## Data to examine
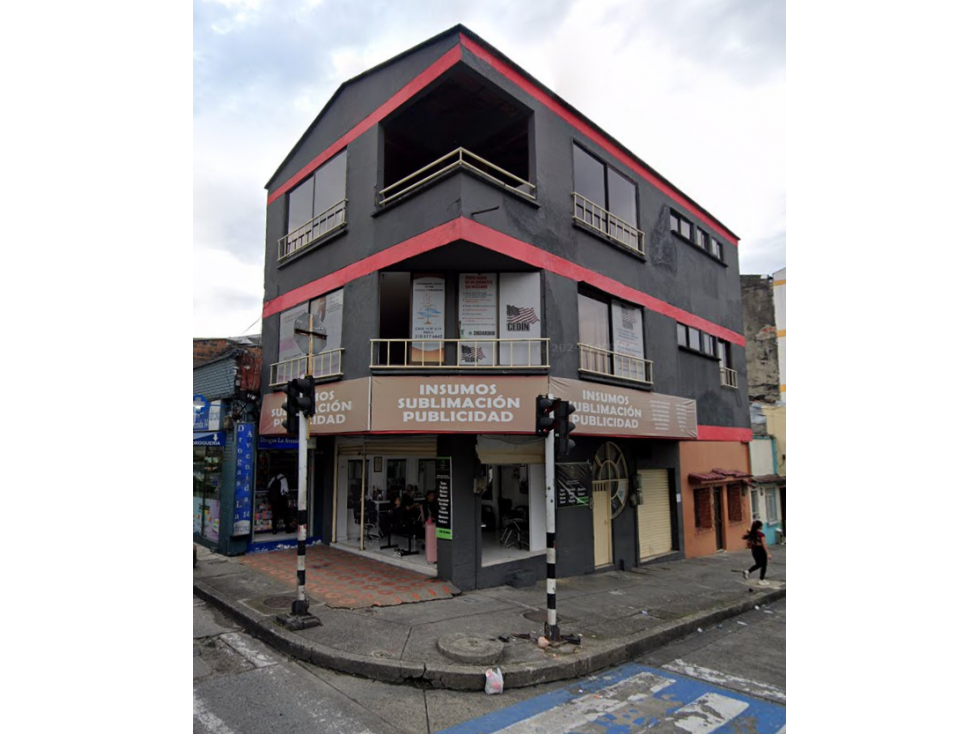 CASA COMPLETA CON DOS LOCALES Y APTOS EN VENTA - SECTOR CENTRO — foto 3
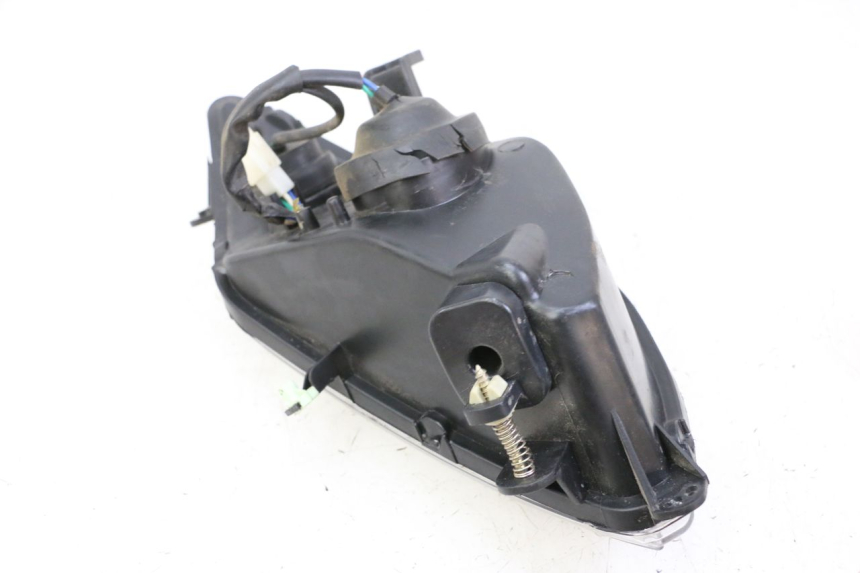 photo de FARO DELANTERO DERECHO PEUGEOT CITYSTAR 50 (2013 - 2017) - Estado de la superficie y material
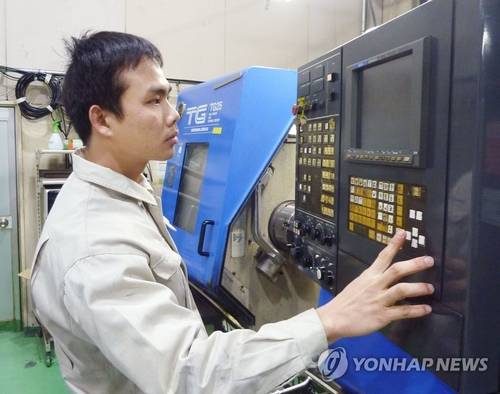 일본의 한 금속가공회사에서 일하는 베트남 청년. [교도=연합뉴스]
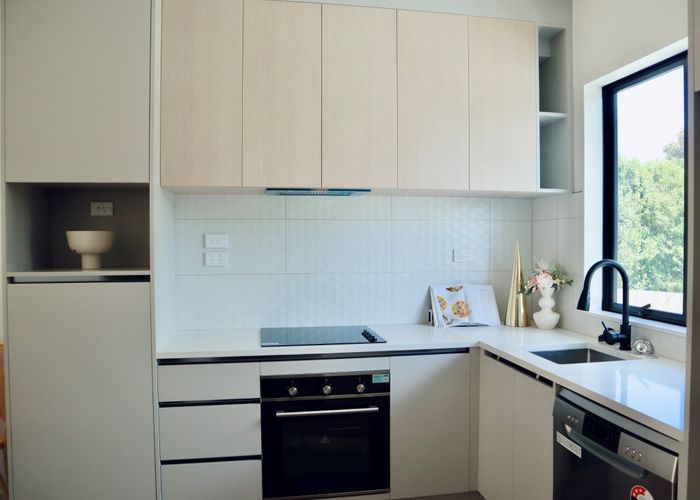  at 5/442 Old Te Atatu Road, Te Atatu Peninsula, Waitakere City, Auckland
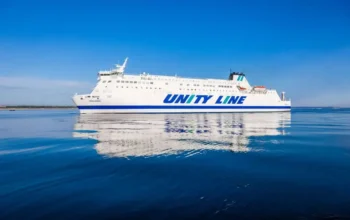 prom Polonia rzucający odbicie na spokojnej wodzie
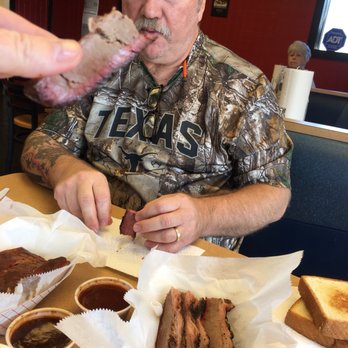 Harris Bar-B-Que - Barbeque Near Me - Cedar Hill, Texas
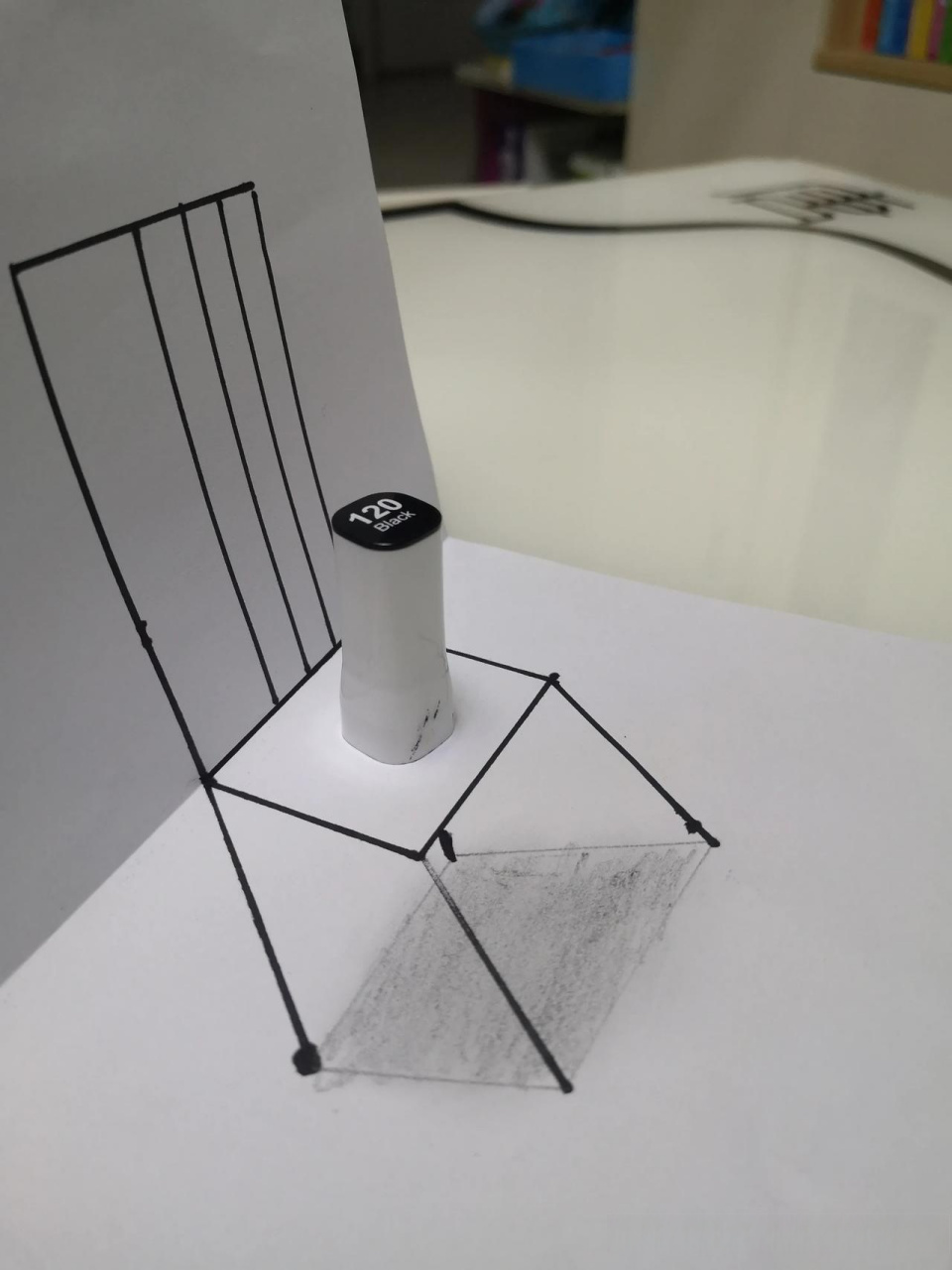 自己画的立体凳子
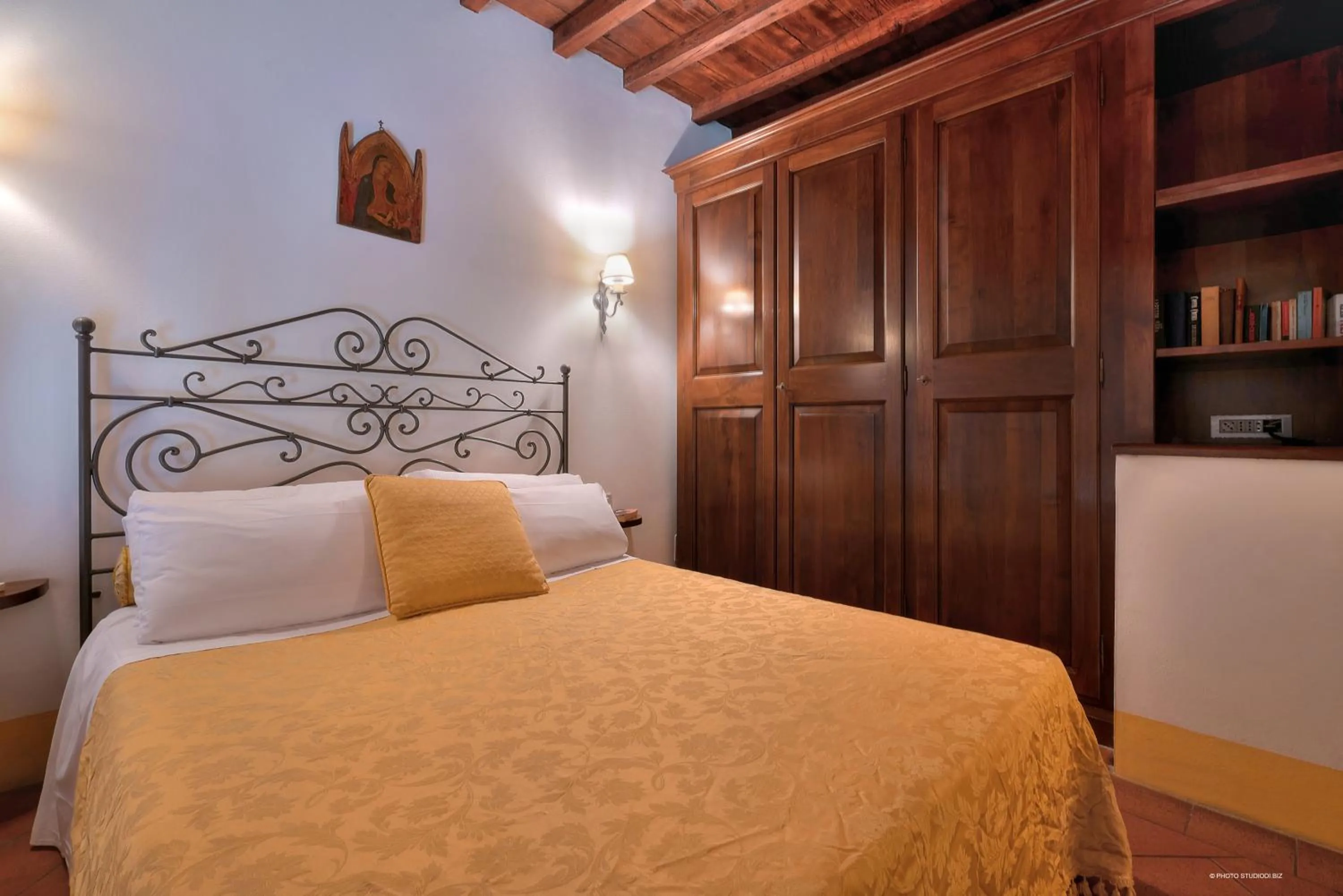 Bedroom, Bed in First of Florence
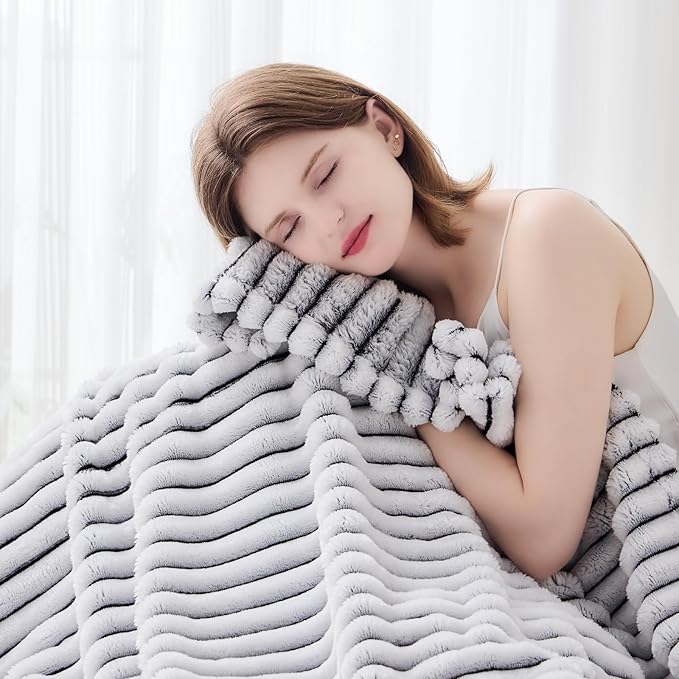 NEWCOSPLAY Super Soft Throw Blanket Black and White Premium Silky Flannel by NEWCOSPLAY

## Work to complete
Once the pictures are set aside, retype the rest of the listing exactly.

## Answer box
 CASA COMPLETA CON DOS LOCALES Y APTOS EN VENTA - SECTOR CENTRO — foto 3
 photo de FARO DELANTERO DERECHO PEUGEOT CITYSTAR 50 (2013 - 2017) - Estado de la superficie y material
 일본의 한 금속가공회사에서 일하는 베트남 청년. [교도=연합뉴스]
  at 5/442 Old Te Atatu Road, Te Atatu Peninsula, Waitakere City, Auckland
 prom Polonia rzucający odbicie na spokojnej wodzie
 Harris Bar-B-Que - Barbeque Near Me - Cedar Hill, Texas
 自己画的立体凳子
 Bedroom, Bed in First of Florence
 NEWCOSPLAY Super Soft Throw Blanket Black and White Premium Silky Flannel by NEWCOSPLAY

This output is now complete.